Para ello, se proponen 743 proyectos que van desde la construcción del tren transpeninsular o la instalación de la red compartida de fibra óptica, hasta la edificación de centros de convenciones y la colocación de alcantarillado en localidades marginadas.
El agregado es apabullante: 7,750,549.7 millones de pesos de inversión, que implicarían un incremento adicional de entre 1.8% y 2% del PIB y la generación de 350 mil empleos adicionales al año.
Estas metas suponen que los 7.7 billones de pesos son bien gastados. Es decir, que cada uno de los proyectos ha sido planeado de manera cuidadosa, que su ejecución se realiza conforme a los procedimientos legales y en el marco temporal previsto, que los proveedores cumplen los contratos, que las obras tienen los efectos esperados en el desarrollo económico y en el bienestar de las comunidades beneficiadas.
Si todo sale bien, la apuesta por la infraestructura redundará en desarrollo y bienestar. Pero la experiencia de obra pública en México nos alerta sobre los problemas recurrentes que las inversiones habrán de enfrentar.
El gasto en infraestructura en México ha sido fuente de dispendio, ineficiencia y corrupción. El dispendio es producto de la planeación descuidada y de la asignación discrecional del gasto. No pocas veces se financian obras de relumbrón sin beneficios concretos, ocurrencias de políticos que ven en el gasto un triunfo en sí mismo o que piensan sólo en los dividendos electorales. La ineficiencia se origina por la falta de capacidades burocráticas para elaborar proyectos ejecutivos, para procesar las contrataciones, para administrar los recursos y para ejecutar los presupuestos.
Los gobiernos no tienen las estructuras, los procedimientos y el personal capacitado para hacerse cargo de proyectos ambiciosos.
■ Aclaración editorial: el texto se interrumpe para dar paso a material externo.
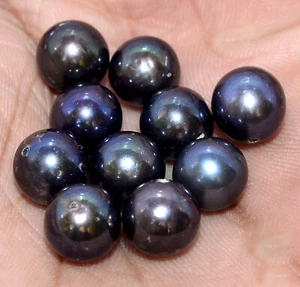 49,83 kt Schwarze Perle Rund Cabochon Kugel 9 mm Posten 10 Stck. Lose Edelsteine - Bild 1 von 5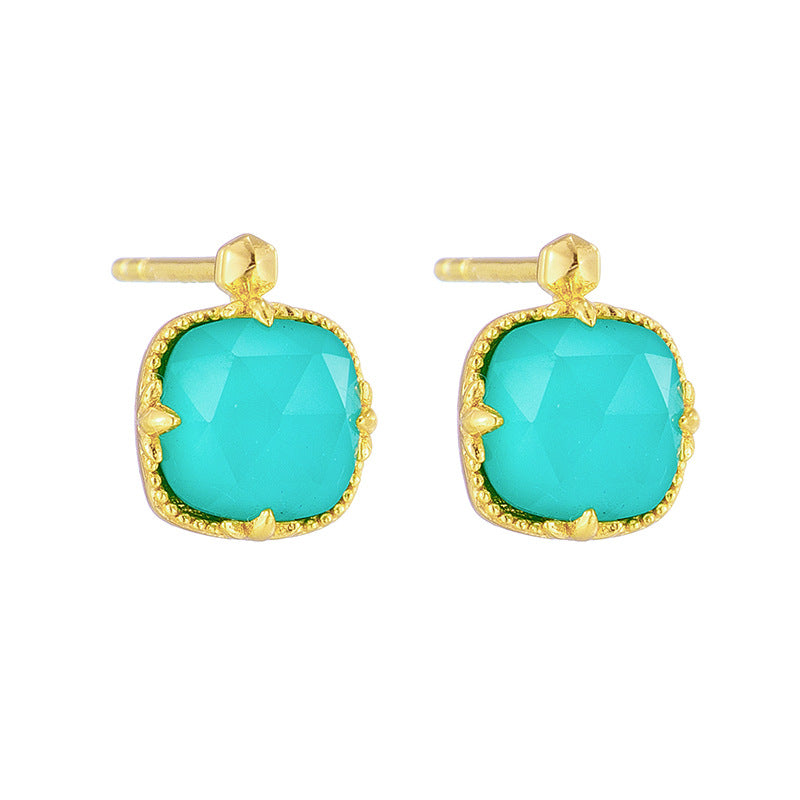 square turquoise white crystal earrings, view 2 - MRSLM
Y la corrupción (en forma de moches, licitaciones amañadas o aceptación de obras defectuosas) encuentra el espacio propicio en la ausencia de criterios para distribuir el gasto o seleccionar proyectos, en la regulación excesiva (y al mismo tiempo insuficiente) que abre espacios para la extorsión o la simulación y en la ausencia de controles efectivos y de una rendición de cuentas cabal.
Gastar 7.7 billones de pesos es una tarea titánica. Gastarlos bien es un desafío aún mayor. La inversión en infraestructura puede ser el detonador de desarrollo económico y bienestar social, pero para ello será indispensable hacer buenos proyectos ejecutivos, fortalecer la capacidad de las administraciones públicas y asegurar la rendición de cuentas.
Sólo con intervenciones deliberadas será posible evitar el dispendio, prevenir la ineficiencia y atajar la corrupción.